Junting Chen, Siang Chen, Zhengbang Zhu, Minghuan Liu, Lin Shao
As embodied AI evolves, enabling agents to seamlessly operate in real-world, dynamic environments requires addressing complex challenges in perception, adaptation, and interaction. Unlike traditional AI models, embodied agents engage with physical spaces, necessitating resilient sensory processing and context-aware decision-making. This workshop seeks to advance these capabilities, focusing on perception-action loops and adaptive strategies that empower AI systems to handle unpredictable environments. Our aim is to bring together experts from robotics, multi-agent systems, and cognitive science to discuss foundational research and applications in areas like autonomous systems and collaborative robotics.
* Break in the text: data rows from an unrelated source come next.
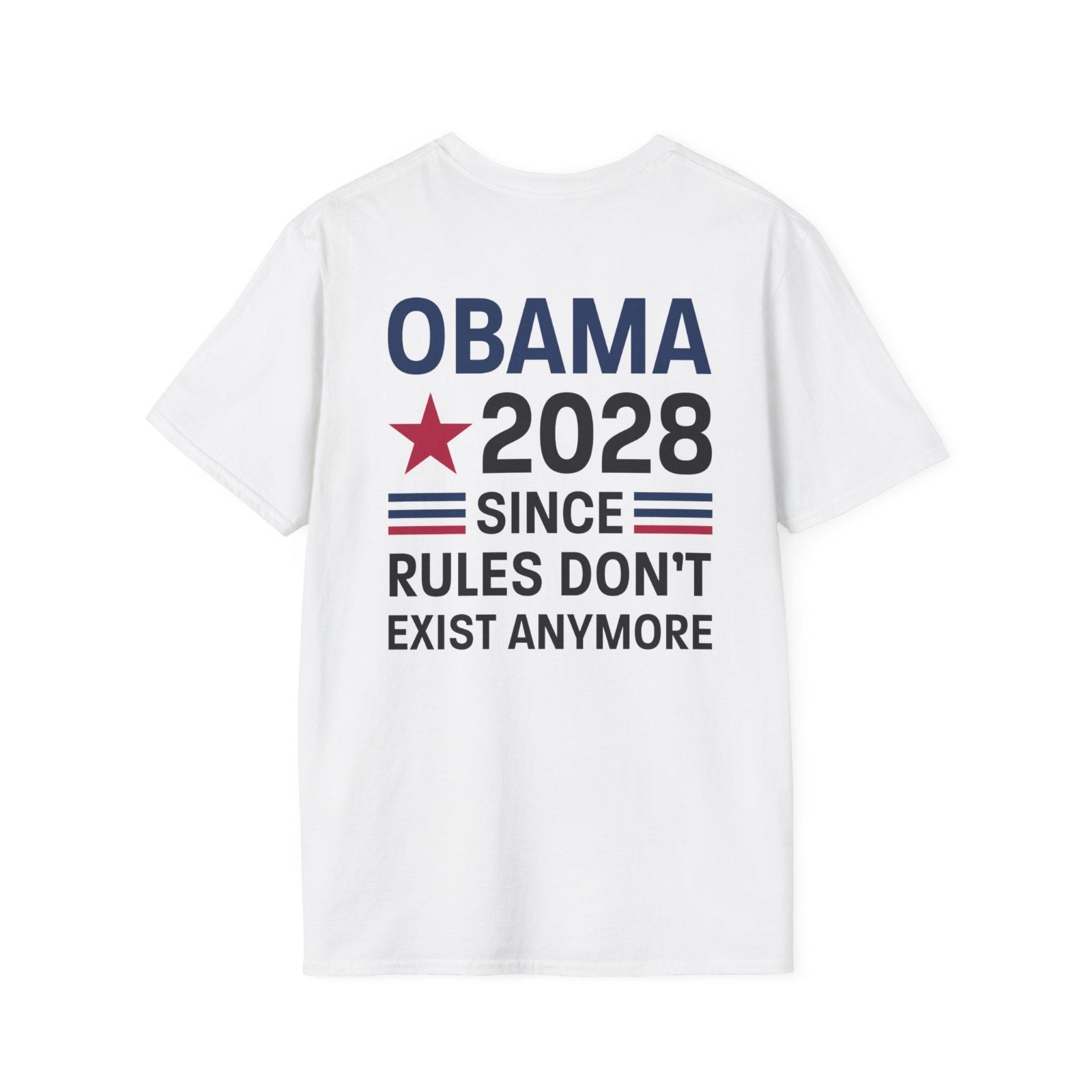 HOT Obama 2028 Since Rules Don\'t Exist Anymore Shirt FREESHIPPING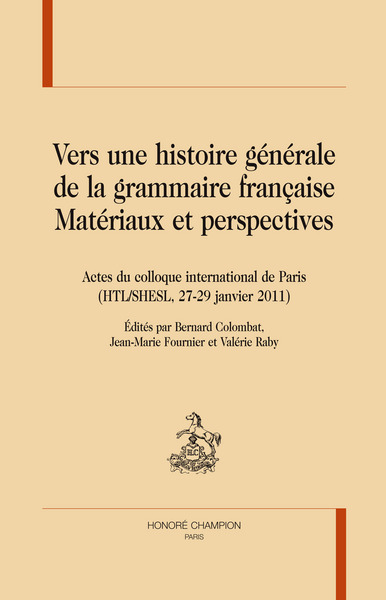 Image de Vers une histoire générale de la grammaire française - matériaux et perspectives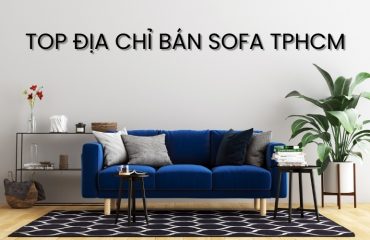 địa chỉ bán sofa TPHCM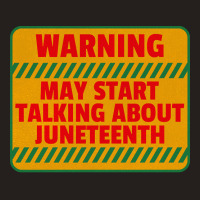 Juneteenth T  Shirt Warning May Start Talking About Juneteenth   Black Tank Top | Artistshot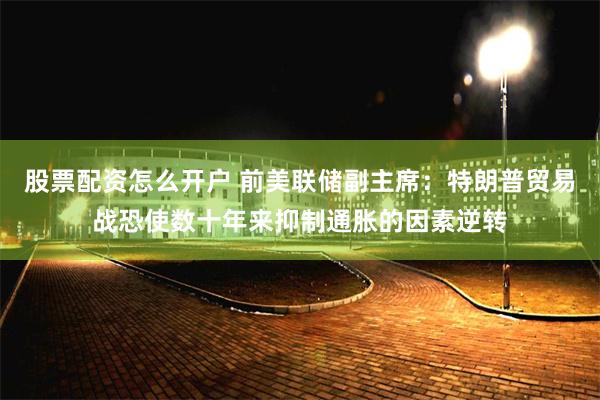 股票配资怎么开户 前美联储副主席：特朗普贸易战恐使数十年来抑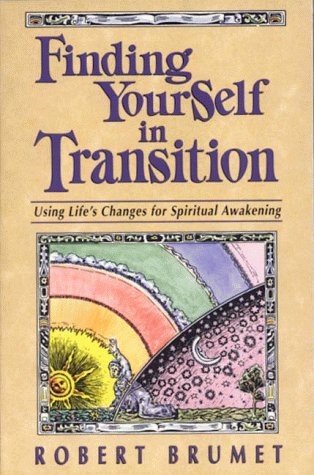 Stock image for Finding Yourself in Transition: Using Life's Changes for Spiritual Awakening for sale by ThriftBooks-Atlanta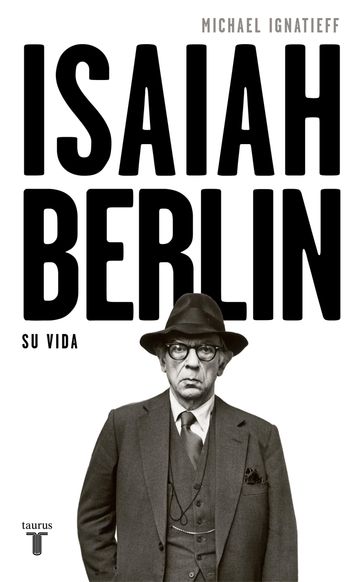 Isaiah Berlin - Michael Ignatieff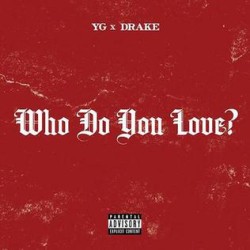 YG ft. Drake  -  Who Do You Love (Club Killers Redrum) (Dirty) [VjMixes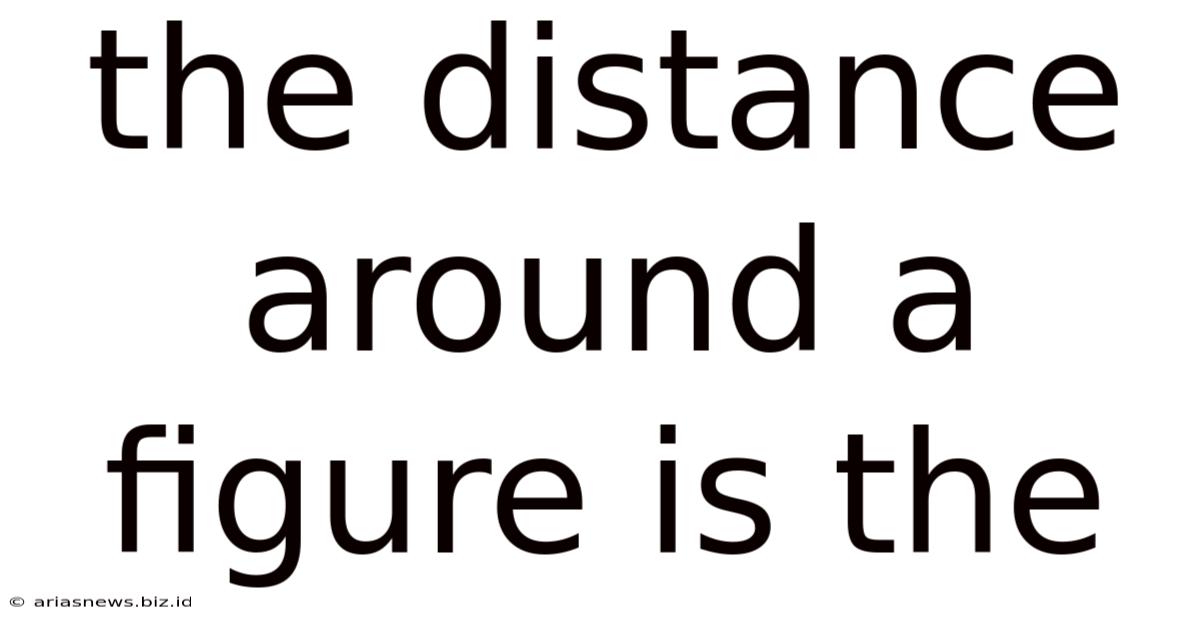 The Distance Around A Figure Is The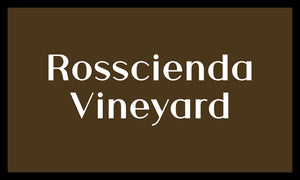 Rosscienda Vineyard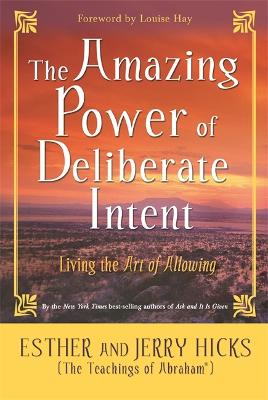 The Amazing Power of Deliberate Intent: Living the Art of Allowing (Paperback)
By fostering cross-disciplinary insights, the workshop will spotlight innovations that accelerate embodied AI's practical impact.
Yun Lin, Weinan Zhang
The emergence of language model changes the way of how we program. In the long run, programmers will write, edit, test, debug, and repair code with code agents. This workshops covers the cutting-edge topic on how AI and software engineering research is developed to generate, edit, test, and repair the code. By walking through all techniques to automate programmers' work, we aim to forsee how auto-programming techniques can advance our life in the upcoming 5-10 years.
Lei Yuan, Jianhong Wang
This workshop delves into the dynamic and complex world of multi-agent systems (MAS) operating in challenging environments, where solutions may involve multi-agent reinforcement learning (MARL) or other advanced techniques. Participants are invited to share case studies and real-world applications, showcasing how MAS can drive innovation in areas like embodied agents, autonomous vehicles, robotics, and more.